NEW YORK (CNN/Money) - U.S. consumer spending fell in January, the government said Monday, due largely to a dramatic pull-back in automobile sales.
The Commerce Department said personal spending fell 0.1 percent, compared with a revised gain of 1.0 percent in December, while personal income rose 0.3 percent, compared with a revised 0.3 percent gain in December. Economists, on average, expected income to rise 0.4 percent and spending to rise 0.1 percent, according to Briefing.com.
"The reason spending dropped in January was a big fall in auto sales," Putnam Investments economist David Kelly said. "I don't think this tells us much that's new -- it's consistent with an economy still growing in second or third gear."
The report had little impact on U.S. stock prices, which rose early and turned mixed in mid-day trading. Treasury bond prices fell.
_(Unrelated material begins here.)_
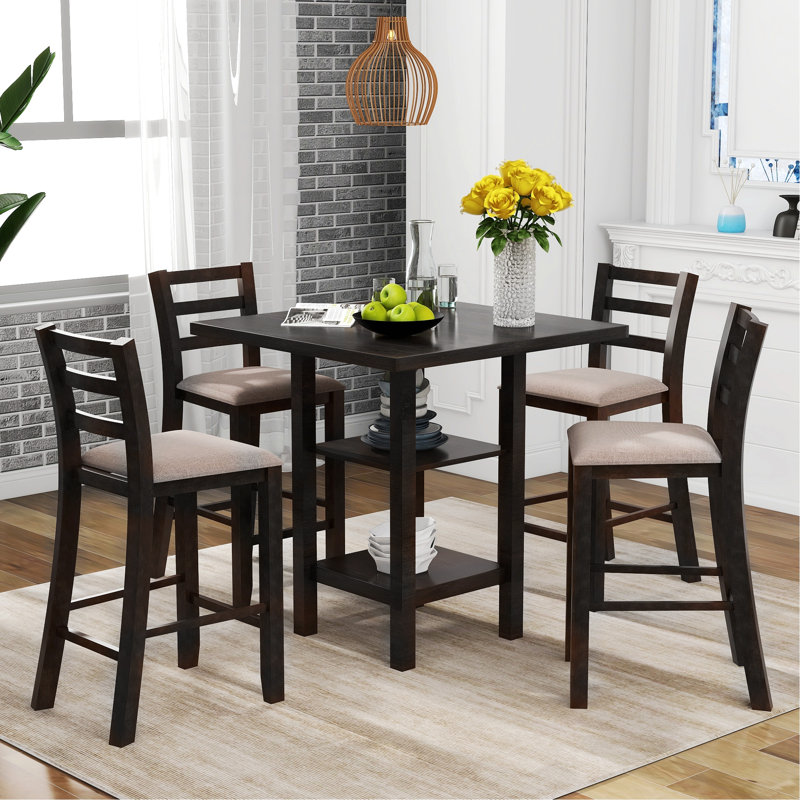 Alizai 4 - Person Solid Wood Top Four Leg Dining Set, Chocolate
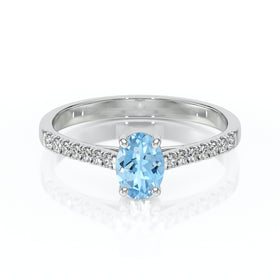 Solitaire accompagné aigue-marine et diamant Divine Idylle - 4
Economists pay close attention to consumers, whose spending makes up more than two-thirds of total U.S. gross domestic product (GDP).
Consumers have shown amazing resilience despite a recession in 2001, nearly 2 million job cuts, terrorist attacks, a three-year bear market in stocks and other woes.
But consumer confidence has plunged in recent months to the lowest levels since the fall of 1993. The consumer confidence index of the Conference Board, a New York-based research group, has fallen more than 30 percent in the past year, and similar one-year drops of that size in the past 35 years have always resulted in recessions.
Though consumer income increased in Monday's report, the Commerce Department said the gain was boosted by artificial factors. Excluding those factors, income actually rose 0.2 percent.
Private wages and salaries fell 0.02 percent in January, the worst performance since a 0.5-percent decline in July 2002, after rising 0.2 percent in December. Consumers saved 4.3 percent of their disposable income, up from 3.9 percent in December.
"The recent weakness in wage and salary growth is bad news for retailers, since wages and salaries, which account for more than 56 percent of personal income, tend to influence spending decisions far more than other income sources," said Mark Vitner, senior economist at Wachovia Securities.
Consumer spending on durable goods, items such as cars and refrigerators that are meant to last three years or more, fell 5.7 percent, the biggest drop since a 6 percent decline in February 1990.
Much of that drop came as automakers withdrew some of the aggressive incentives, such as zero-percent financing, that had driven robust auto sales in prior months.
"Given the sharp falloff in vehicle sales, the modest decline in overall spending was actually very good news," said Joel Naroff, president and chief economist of Naroff Economic Advisors.